Part (a): Speed of the Pebble
In a conical pendulum, the pebble moves in a horizontal circular path, and the forces acting on it include the tension in the string and gravity. The tension provides the centripetal force required for circular motion. Let's start by analyzing the forces acting on the pebble:
- The vertical component of the tension \( T \) balances the weight of the pebble: \( T \cos \theta = mg \),
- The horizontal component of the tension provides the centripetal force: \( T \sin \theta = \frac{mv^2}{r} \), where \( v \) is the speed of the pebble and \( r \) is the radius of the circle.
We can find the angle \( \theta \) using trigonometry. The length of the string and the radius form a right triangle, so we can use:
tan \( \theta \) = \( \frac{r}{h} \)
where $h$ is the vertical distance from the pivot to the pebble. We can find $h$ by recognizing that the string forms a right triangle with the vertical component of the string. Thus:
h = \sqrt{L^2 - r^2} = \sqrt{(1.4)^2 - (0.25)^2} = \sqrt{1.96 - 0.0625} = \sqrt{1.8975} ≈ 1.378 \, \text{m}
Now, we can calculate $\theta$:
tan \theta = \( \frac{0.25}{1.378} \) ≈ 0.181
Thus, the angle $\theta$ is:
\( \theta = \tan^{-1}(0.181) ≈ 10.3^\circ \)

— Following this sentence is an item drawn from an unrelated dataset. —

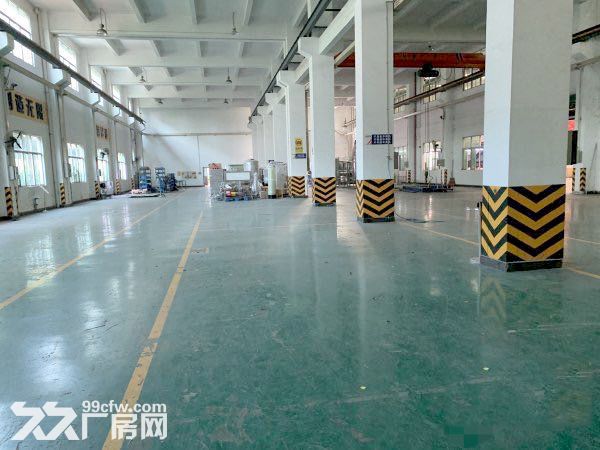 花都镜湖工业区分租一楼厂房 1100平方 7米高 带行车 可办环评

Now, we will use the horizontal component of the tension to solve for the speed $v$. The force equations are:
T \cos \theta = mg \quad \text{(vertical equilibrium)}
T \sin \theta = \frac{mv^2}{r} \quad \text{(horizontal force)}
From the vertical equilibrium equation, we can solve for $T$:
T = \frac{mg}{\cos \theta}
Substitute this expression for $T$ into the horizontal force equation:
\( \frac{mg}{\cos \theta} \sin \theta = \frac{mv^2}{r} \)
Simplifying:
\( \frac{g \sin \theta}{\cos \theta} = \frac{v^2}{r} \)

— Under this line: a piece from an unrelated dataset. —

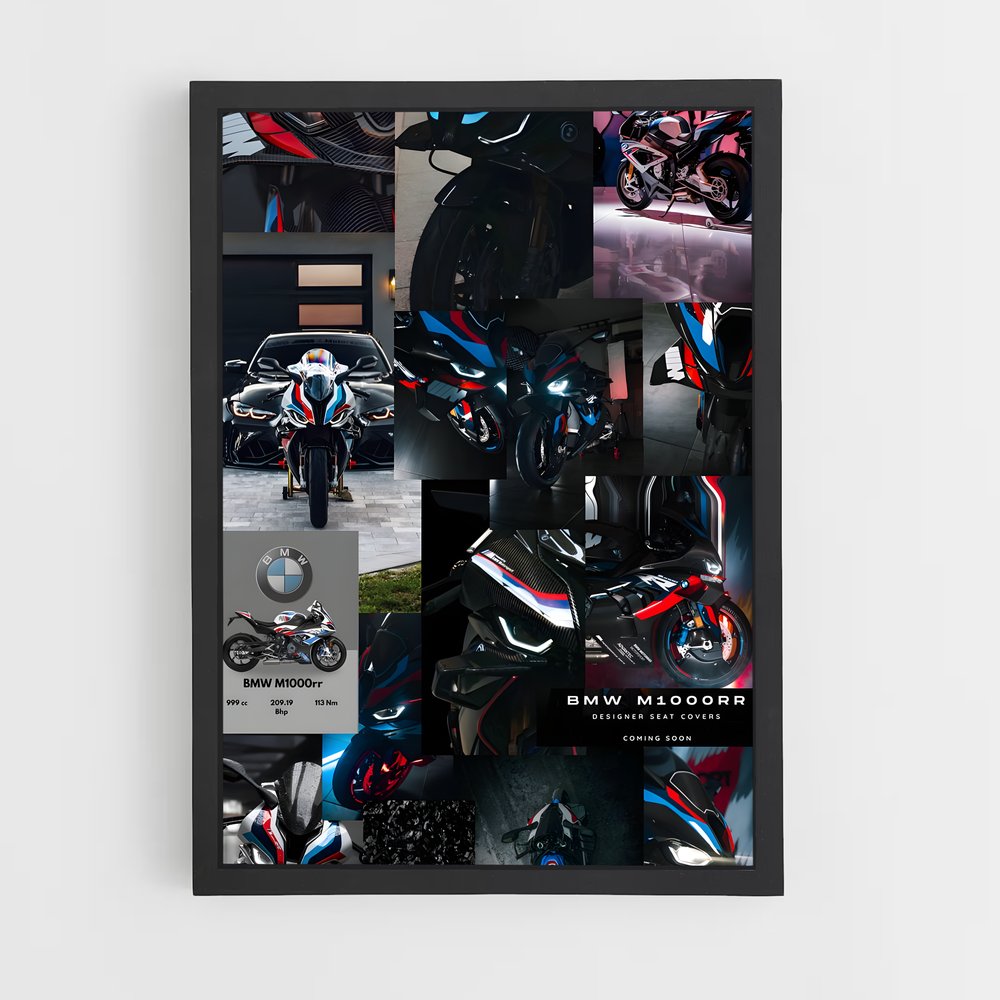 Poster vibrant M rr – affiche BMW Motorrad (vue 2)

This simplifies further to:
\( v^2 = r \cdot g \tan \theta \)
Substitute the known values:
\( v^2 = 0.25 \times 9.8 \times \tan(10.3^\circ) \)
\( v^2 = 0.25 \times 9.8 \times 0.181 ≈ 0.444 \)

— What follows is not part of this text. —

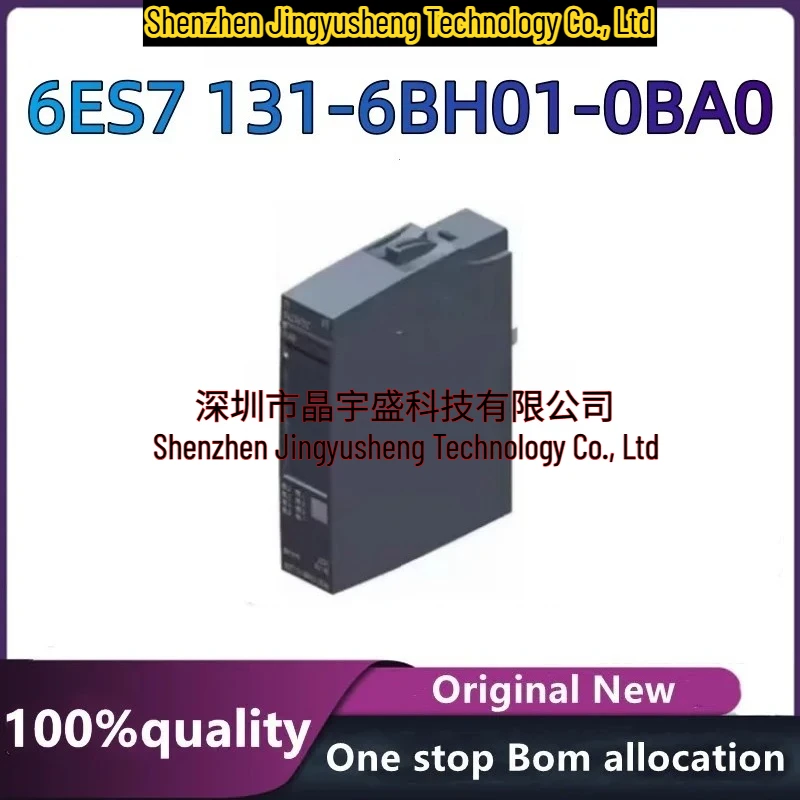 100% New original 6ES7131-6BH01-0BA0
100% New original 6ES7131-6BH01-0BA0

Thus, the speed of the pebble is:
\( v = \sqrt{0.444} ≈ 0.67 \, \text{m/s} \)
Part (b): Acceleration of the Pebble
The acceleration of the pebble is the centripetal acceleration, which is given by:
a = \frac{v^2}{r}
Substitute the known values:
a = \frac{(0.67)^2}{0.25} ≈ \frac{0.4489}{0.25} ≈ 1.80 \, \text{m/s}^2
So, the acceleration of the pebble is approximately 1.80 m/s².
Part (c): Tension in the String
We can now calculate the tension in the string using the vertical force balance equation:
T = \frac{mg}{\cos \theta}
Substitute the known values:
T = \frac{0.053 \times 9.8}{\cos(10.3^\circ)} ≈ \frac{0.5194}{0.9848} ≈ 0.527 \, \text{N}
So, the tension in the string is approximately 0.527 N.
Summary of Results
- (a) Speed of the pebble: \( v ≈ 0.67 \, \text{m/s} \)
- (b) Acceleration of the pebble: \( a ≈ 1.80 \, \text{m/s}^2 \)
- (c) Tension in the string: \( T ≈ 0.527 \, \text{N} \)